Work-related stress has reached its highest recorded level across UK workplaces, with union safety representatives reporting widespread concern about workload pressures and a lack of action by employers. New findings suggest stress has overtaken all other workplace hazards, raising fresh questions about how risks are being identified and managed.
The issue is being reported across every region and almost all sectors, with safety representatives pointing to excessive workloads and inadequate staffing as key drivers. Many say stress is still not being treated as a core health and safety risk, despite long-standing legal requirements for employers to assess and control it.
Official data also shows the scale of the problem is growing, with rising numbers of workers reporting stress-related ill health and millions of working days being lost. The figures point to both human and economic consequences as pressure on staff continues to intensify.

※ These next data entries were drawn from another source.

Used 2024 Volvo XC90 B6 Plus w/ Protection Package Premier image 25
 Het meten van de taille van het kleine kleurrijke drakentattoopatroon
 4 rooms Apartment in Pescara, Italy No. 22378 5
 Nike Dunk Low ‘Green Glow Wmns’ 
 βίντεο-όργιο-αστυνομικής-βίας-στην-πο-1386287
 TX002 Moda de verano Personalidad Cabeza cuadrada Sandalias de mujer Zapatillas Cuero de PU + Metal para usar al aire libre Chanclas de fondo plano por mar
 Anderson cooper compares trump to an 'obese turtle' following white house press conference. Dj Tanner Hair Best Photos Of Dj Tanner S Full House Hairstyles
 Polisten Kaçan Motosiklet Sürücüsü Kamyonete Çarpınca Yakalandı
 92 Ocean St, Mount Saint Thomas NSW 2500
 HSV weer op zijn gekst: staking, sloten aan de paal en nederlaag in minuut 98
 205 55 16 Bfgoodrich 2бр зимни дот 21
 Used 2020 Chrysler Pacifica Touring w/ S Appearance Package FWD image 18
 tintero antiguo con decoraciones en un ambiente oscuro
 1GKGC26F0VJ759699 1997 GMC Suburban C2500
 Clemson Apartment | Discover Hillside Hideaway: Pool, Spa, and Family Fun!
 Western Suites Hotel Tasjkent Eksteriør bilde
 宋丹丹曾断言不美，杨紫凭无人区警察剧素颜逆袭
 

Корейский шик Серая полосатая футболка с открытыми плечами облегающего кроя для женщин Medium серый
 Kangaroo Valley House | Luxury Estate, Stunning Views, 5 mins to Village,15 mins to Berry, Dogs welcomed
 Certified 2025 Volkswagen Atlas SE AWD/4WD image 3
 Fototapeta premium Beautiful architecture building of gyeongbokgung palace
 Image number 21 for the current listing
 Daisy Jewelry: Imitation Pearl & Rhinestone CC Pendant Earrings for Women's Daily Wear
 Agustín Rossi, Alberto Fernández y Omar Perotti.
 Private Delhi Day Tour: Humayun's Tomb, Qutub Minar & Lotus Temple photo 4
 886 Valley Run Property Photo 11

‘Widespread failure’ to assess stress risks
The findings come from a new survey by the Trades Union Congress (TUC), which represents more than five million workers through its affiliated unions. The survey gathered responses from more than 2,700 union safety representatives across Britain.
Nearly eight in ten safety representatives identified stress as one of the main concerns in their workplace, the highest figure recorded in the survey’s 15-year history. Stress was reported as the leading issue in every region and almost every sector, with particularly high levels cited in central and local government, health, education and the voluntary sector.
Workload was identified as a closely linked factor, with many representatives saying excessive demands were pushing stress to unprecedented levels. Two thirds of respondents said they were not aware of any assessment of stress risks in their workplace, while almost half said they had not been consulted at all on their employer’s risk assessment process.
HSE: Rising health and economic impact
The union’s findings are supported by figures from the Health and Safety Executive (HSE), which show a sharp increase in work-related stress, depression and anxiety.
The number of workers reporting stress-related conditions rose from 776,000 in 2023 to 964,000 in 2024, marking the largest increase on record. The data also shows that 22 million working days were lost due to work-related stress during 2024 and 2025.
The regulator’s statistics underline the scale of absence linked to stress and its impact on productivity, alongside the wider toll on employee health and wellbeing.
Calls for stronger enforcement and action on workload
TUC general secretary Paul Nowak said stress had become the dominant health and safety issue facing workers. “These findings expose a growing national crisis. Stress is now entrenched as the biggest health and safety issue facing working people, and the situation is getting worse,” he said.
He said employers were failing to meet their legal duties and placing unreasonable demands on staff. “No worker should find themselves lying awake at night from stress. But too many employers are ignoring the law, failing to assess stress risks, and piling impossible workloads onto staff. Workers are burning out, and they are paying with their health.”
Nowak said action was needed to improve standards and reduce pressure at work. “Employers and managers need to do more to identify and reduce risks and to provide support to employees struggling to cope,” he said.
He added that it was “vital that we now implement the Employment Rights Act quickly and in full, so that we can improve employment standards and create happier, healthier and more productive workplaces”.
The Trades Union Congress is calling for stronger enforcement of existing health and safety law, increased funding for the Health and Safety Executive, reduced workloads and clearer recognition of harassment and violence as workplace health risks linked to stress.